Records from a dataset
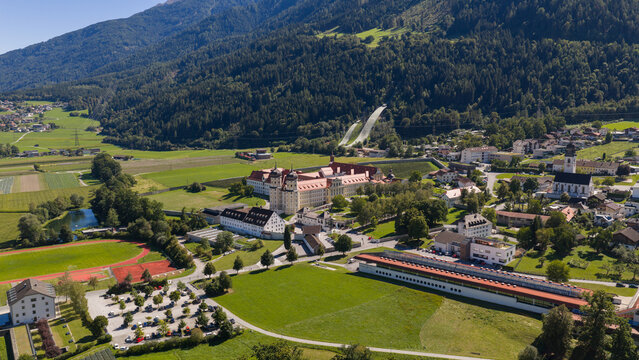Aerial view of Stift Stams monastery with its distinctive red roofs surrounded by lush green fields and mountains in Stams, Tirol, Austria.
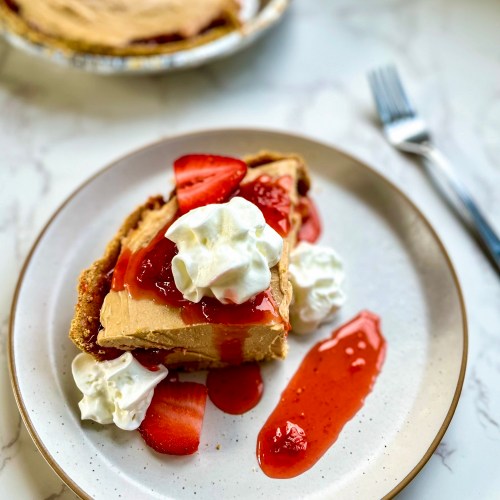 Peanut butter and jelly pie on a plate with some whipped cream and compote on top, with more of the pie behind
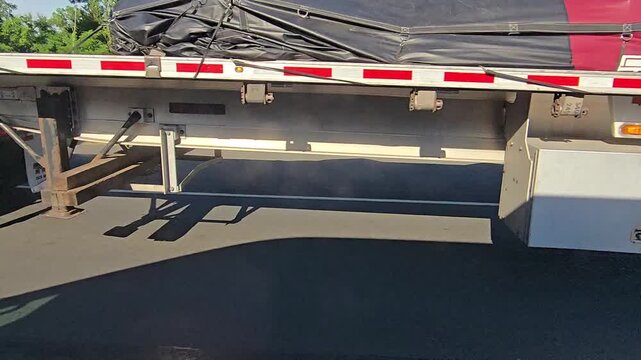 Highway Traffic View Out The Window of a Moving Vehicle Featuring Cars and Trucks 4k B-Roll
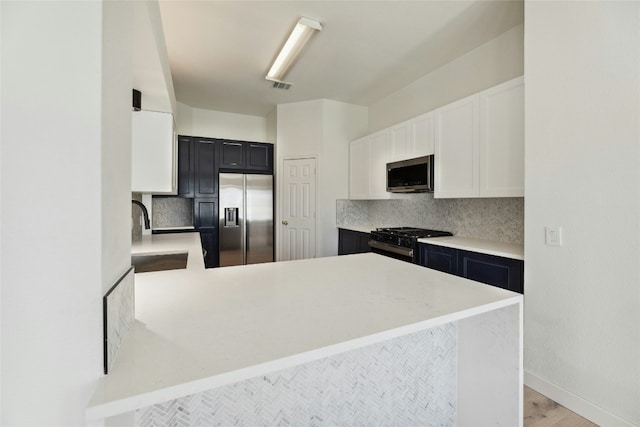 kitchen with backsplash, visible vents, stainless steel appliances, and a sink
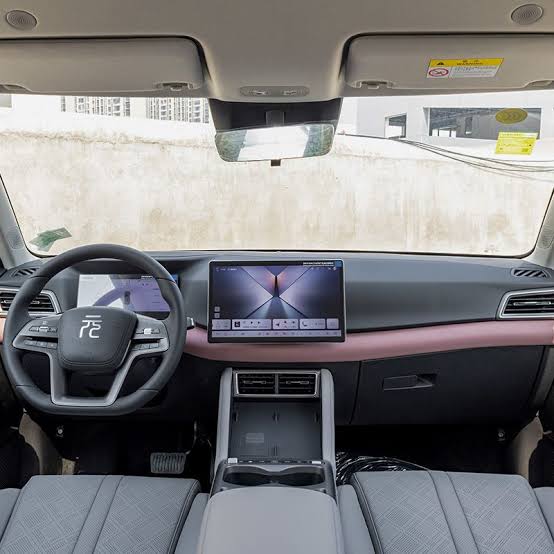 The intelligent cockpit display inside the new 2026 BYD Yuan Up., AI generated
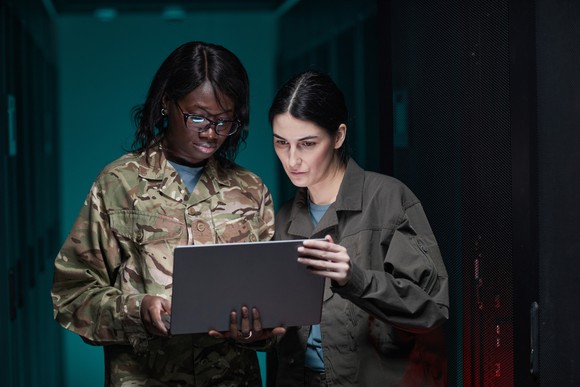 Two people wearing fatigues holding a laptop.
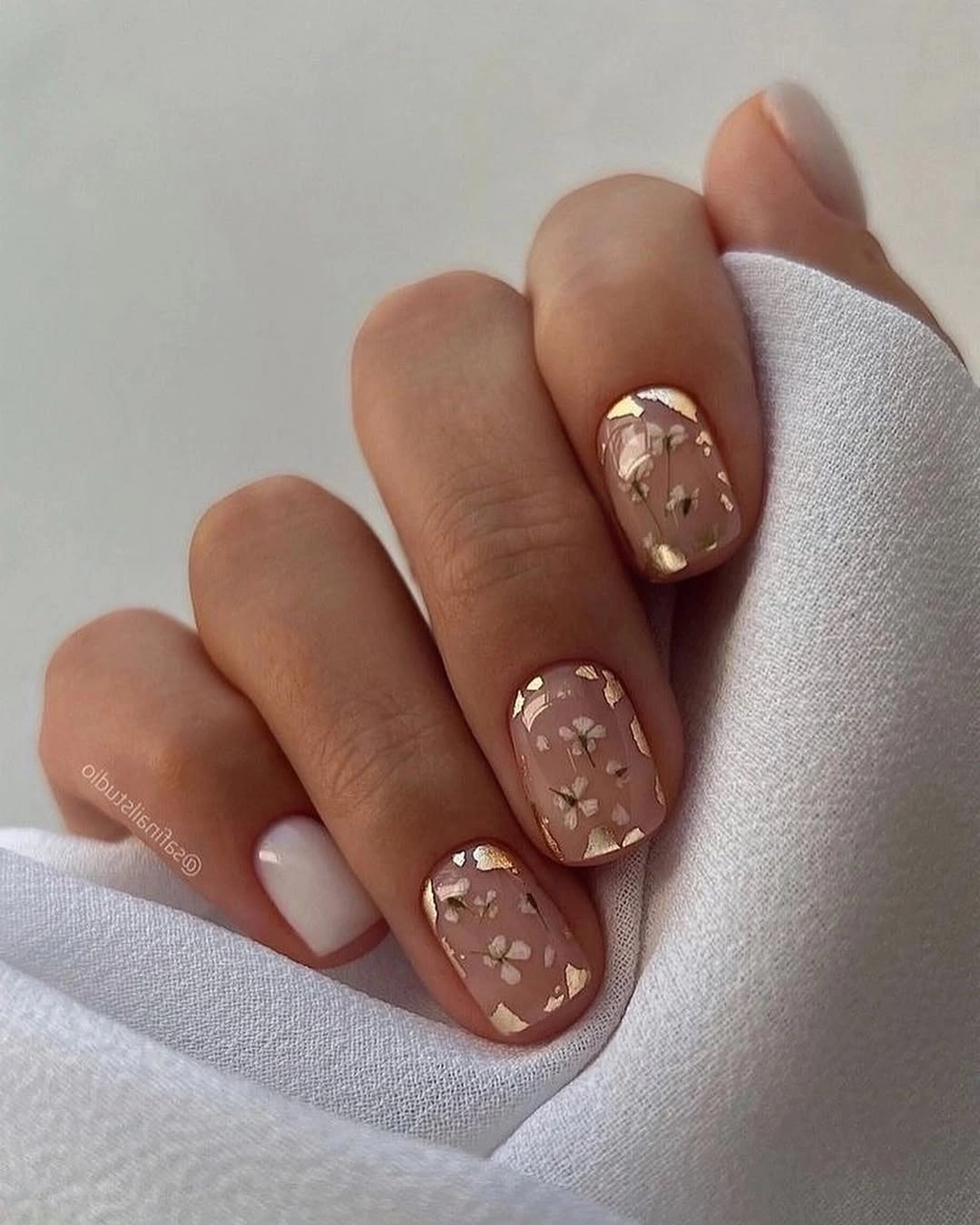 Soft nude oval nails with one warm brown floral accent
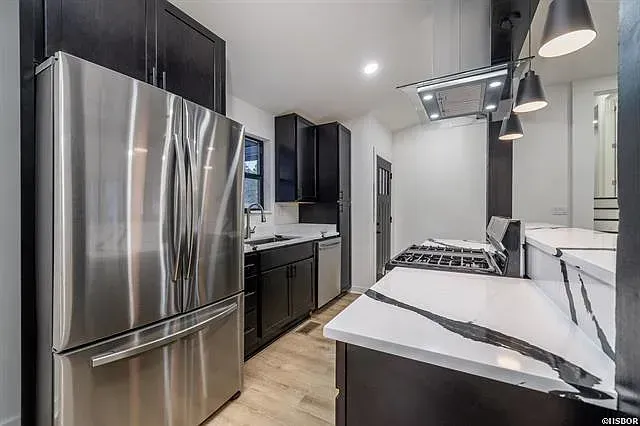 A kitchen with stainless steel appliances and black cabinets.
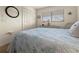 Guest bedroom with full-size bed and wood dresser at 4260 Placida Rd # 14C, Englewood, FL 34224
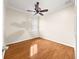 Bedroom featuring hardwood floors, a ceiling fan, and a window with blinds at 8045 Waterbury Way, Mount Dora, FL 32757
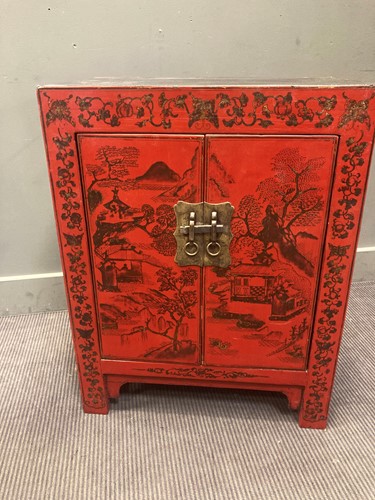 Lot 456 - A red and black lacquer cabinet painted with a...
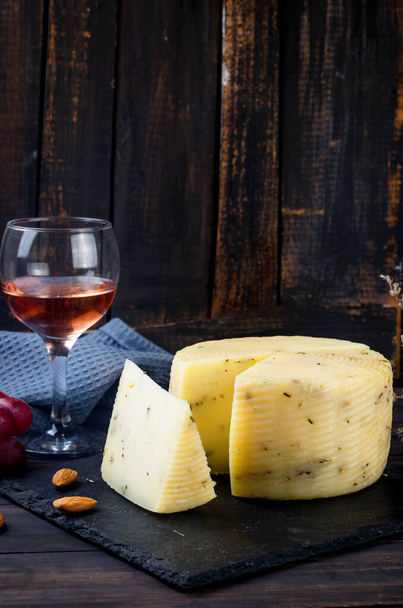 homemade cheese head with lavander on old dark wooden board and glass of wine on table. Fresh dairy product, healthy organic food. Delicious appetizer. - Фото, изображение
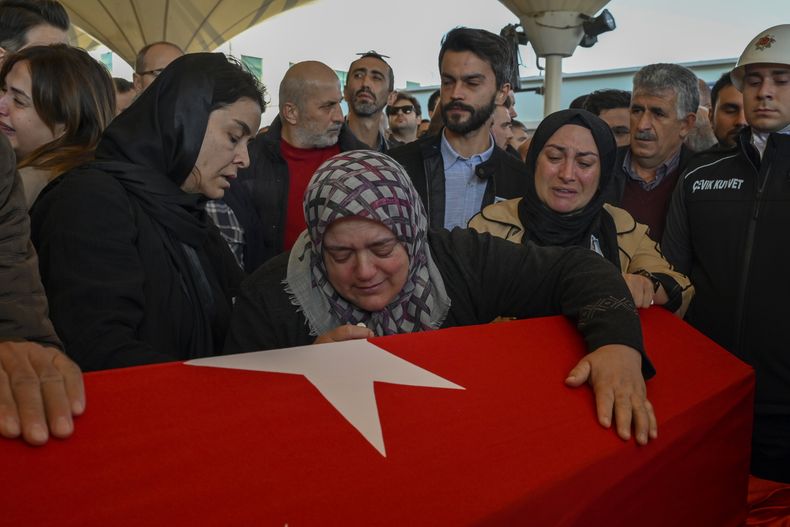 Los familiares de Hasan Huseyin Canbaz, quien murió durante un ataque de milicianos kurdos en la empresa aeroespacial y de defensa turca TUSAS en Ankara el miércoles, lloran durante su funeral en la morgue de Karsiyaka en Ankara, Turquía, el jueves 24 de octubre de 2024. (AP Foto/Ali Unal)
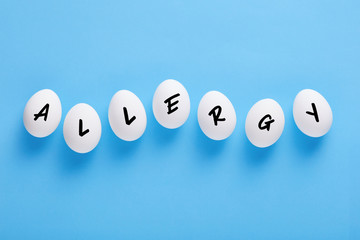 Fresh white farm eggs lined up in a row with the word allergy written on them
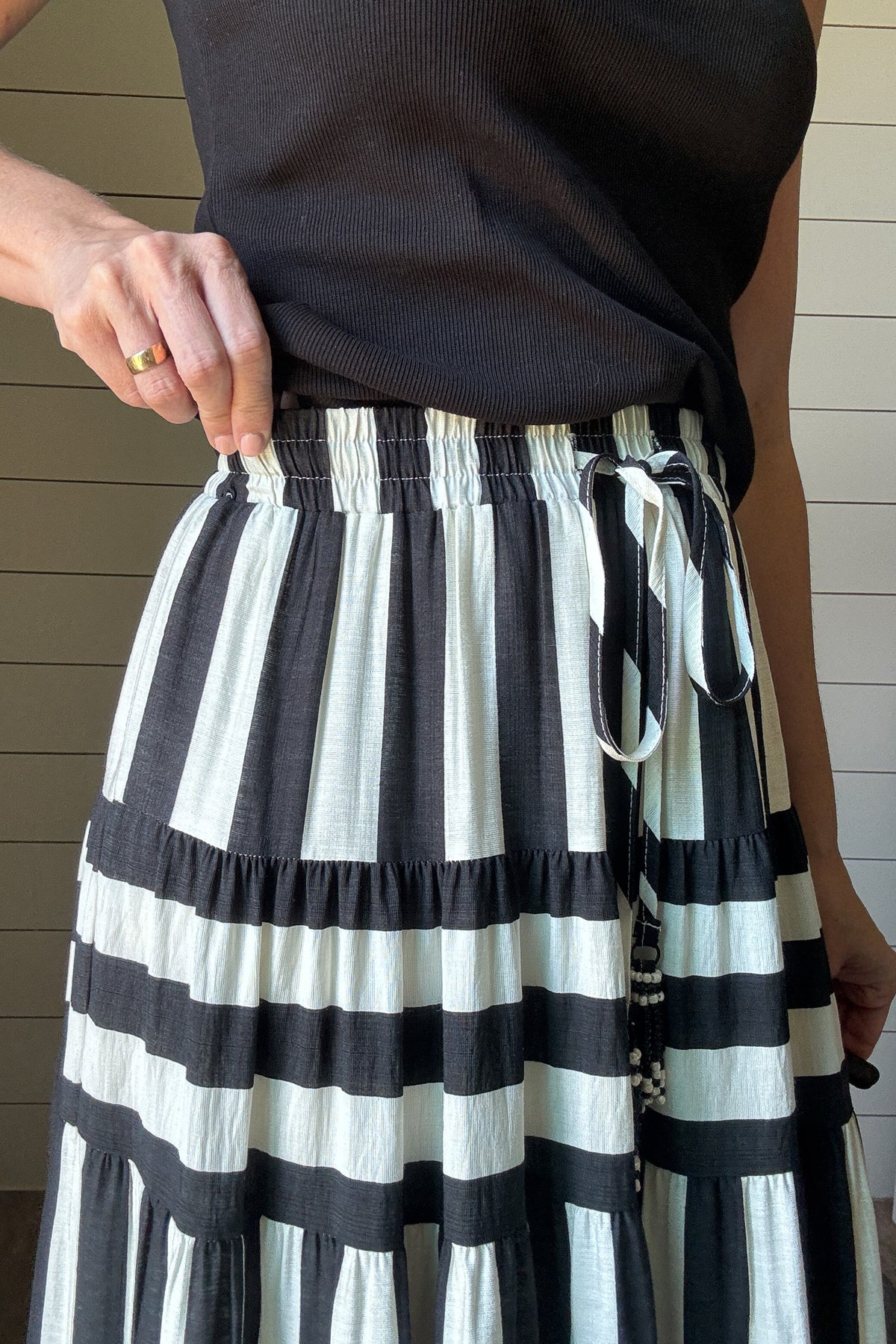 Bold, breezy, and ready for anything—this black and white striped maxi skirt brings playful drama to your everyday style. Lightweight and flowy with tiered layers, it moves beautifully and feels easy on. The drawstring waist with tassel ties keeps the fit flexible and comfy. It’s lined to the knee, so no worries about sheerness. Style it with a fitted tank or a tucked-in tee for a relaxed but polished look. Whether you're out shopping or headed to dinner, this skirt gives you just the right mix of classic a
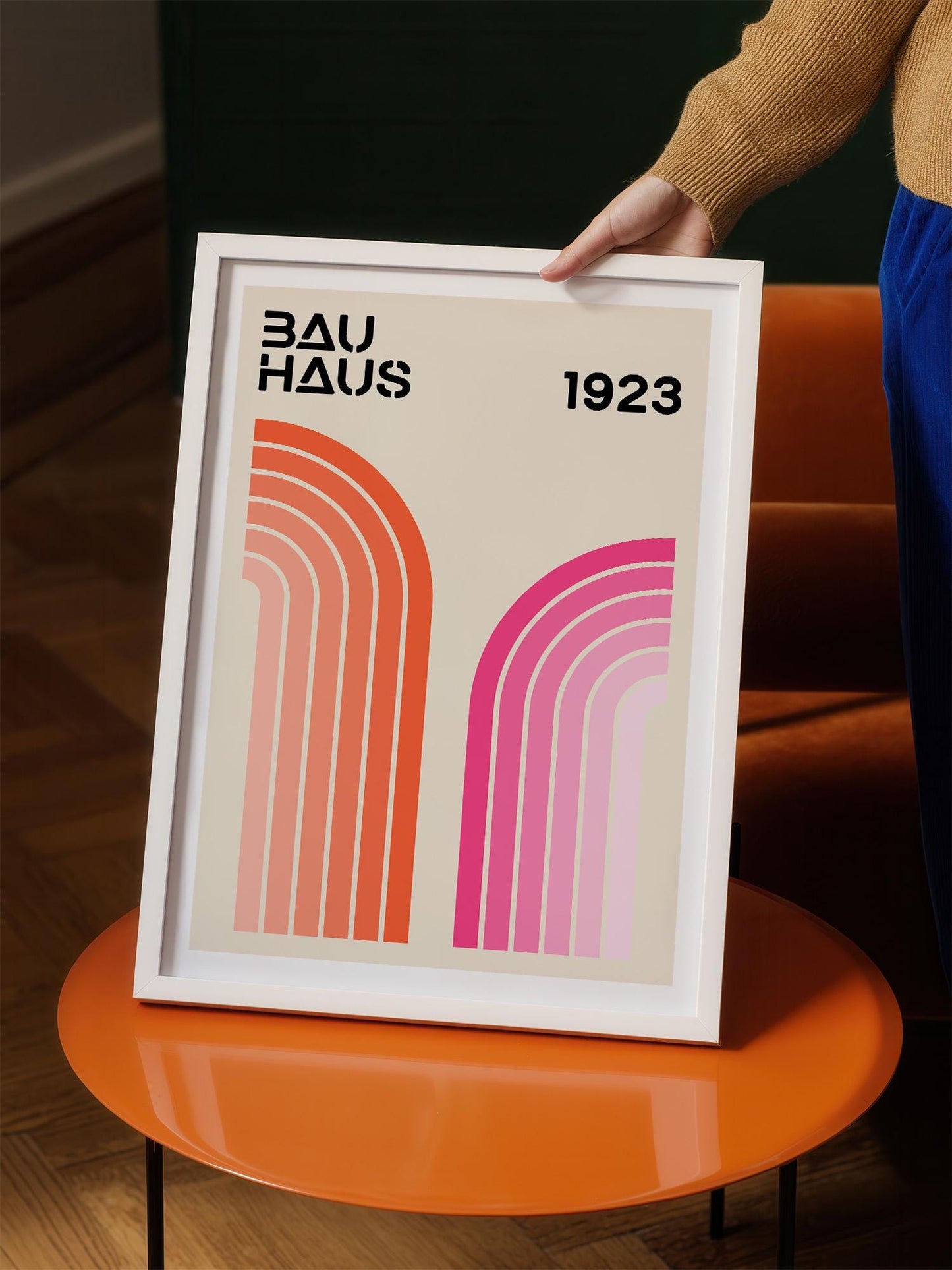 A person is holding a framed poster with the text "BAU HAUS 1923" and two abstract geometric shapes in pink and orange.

Exercise instructions: Go through the data above and print exactly the lines from its first line through the line holding "Peanut butter and", both included, leaving pictures aside.

Output for this exercise:
Aerial view of Stift Stams monastery with its distinctive red roofs surrounded by lush green fields and mountains in Stams, Tirol, Austria.
 Peanut butter and jelly pie on a plate with some whipped cream and compote on top, with more of the pie behind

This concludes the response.